Pour Michelin, il s’agit d’une stratégie face à une concurrence internationale croissante, du fait de marques plus petites et low cost. Il s’agit donc, d’après le patronat, d’adapter l’activité et la stratégie en conséquence. Historiquement, et encore aujourd’hui, Michelin se fait le chantre du paternalisme social, de l’accompagnement de ses salariés, mais impacte directement les travailleurs français et étrangers via ces décisions d’orientation de l’activité en supprimant des postes ou en les délocalisant.

“Recentrage” de l’activité de production et “relocalisation” d’emplois

Ainsi, au nom de la sacro-sainte compétitivité, Michelin réoriente son activité sur le haut de gamme en Europe de l’Ouest et délocalise une bonne partie de sa production vers des pays à coûts plus bas. Le discours s’appuie sur la tendance plus large en France de déclin de l’industrie, de modernisation des usines.
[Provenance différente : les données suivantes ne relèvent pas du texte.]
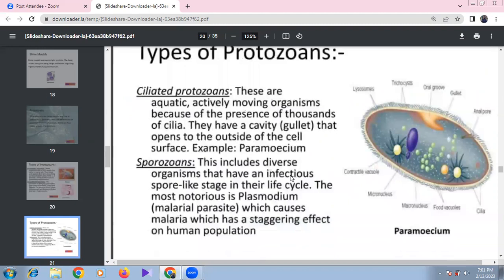Ciliated protozoans are aquatic, actively moving organisms with thousands of cilia. They have an oral groove and anal pore. Key structures include macronucleus, micronucleus, contractile vacuole, food vacuole, ribosomes, and trichocysts. Paramecium is a well-known example.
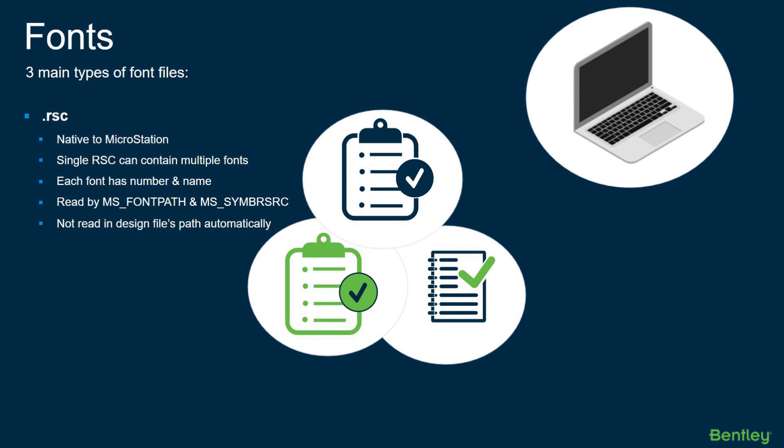There's a few things to keep in mind when working with these fonts. To gain a better understanding of troubleshooting these issues, we've got to first cover the basics. There are three main types of font files.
Pour justifier leurs politiques antisociales, allant contre l’intérêt direct de leurs travailleurs, les patrons invoquent également l’argumentation de la saturation du marché.

Dans une ultime tentative de maintien de l’emploi et de la production, Michelin a choisi de se tourner vers l’innovation technologique :  des pneus connectés, gestion des parcs automobiles d’entreprises, etc. Non seulement ce recentrage ne permet pas de compenser l’ensemble des suppressions de postes, mais il s’agit de nouvelles parts de marchés et donc de nouvelles activités. Cela ne permet pas de maintenir des emplois industriels déjà présents ou en liquidation.

C’est principalement à Clermont-Ferrand, où se situe le siège social de l’entreprise, qu’ont eu lieu les suppressions d’emplois. Pour les syndicats, plus que des licenciements, ce sont des délocalisations. Les emplois supprimés sont ainsi avant tout administratifs et c’est en Roumanie que ceux-ci sont délocalisés. La fameuse “chance” qu’est l’Union européenne, mettant en concurrence les travailleurs de ses pays membres. Rappelons qu’en Roumanie, le SMIC est d’environ 466 € contre environ 1540 € en France. Comment être compétitif dans ces conditions ?

Des décisions politiques

Il serait faux de prétendre que Michelin est un cas à part dans le paysage industriel actuel. Au contraire, il s’agit d’un très bon exemple des tendances économiques qui traversent actuellement les entreprises françaises : pression des actionnaires, rentabilité à tout prix, dividendes indécents. Le dividende d’une action Michelin est passé à 1.35 €, soit une hausse de 8 % pour l’année 2023, alors qu’en 2020, le dividende par action n’était “que” de 0.58 €. Les licenciements payent, mais pas pour les travailleurs.

Il faut noter que si l’emploi administratif reste au sein de l’Union européenne, il n’en va pas de même pour l’emploi industriel. Michelin supprime ainsi ces emplois dans toute l’Europe, par exemple en Allemagne où deux usines vont fermer, en se cachant derrière la pression du low cost. Encore une fois, l’Union européenne n’est pas non plus la protection qu’on nous vend matin, midi et soir. Avec les traités de libre-échange, il est plus rentable pour certaines entreprises de délocaliser leurs activités industrielles en dehors de l’Europe pour assurer dividendes et bonne santé économique à leurs actionnaires.

Face à cela, comment s’opposer ? Nous avons un exemple pratique à Clermont-Ferrand, où l’entreprise bénéficiait d’une exonération fiscale contre laquelle les élus communistes se sont longtemps battus au niveau métropolitain. En septembre 2021, suite aux licenciements de l’entreprise, cette exonération a été annulée. C’est donc en sanctionnant les entreprises que l’on peut rétablir une forme d’équité au niveau local : avec la fin de cette exonération, c’est autant de nouvelles rentrées dans les caisses de la collectivité. Mais on ne peut réduire nos marges d’actions à des sanctions : c’est en révolutionnant le système de production, en révolutionnant le travail que nous pourrons enfin dépasser les inégalités et injustices inhérentes au système capitaliste.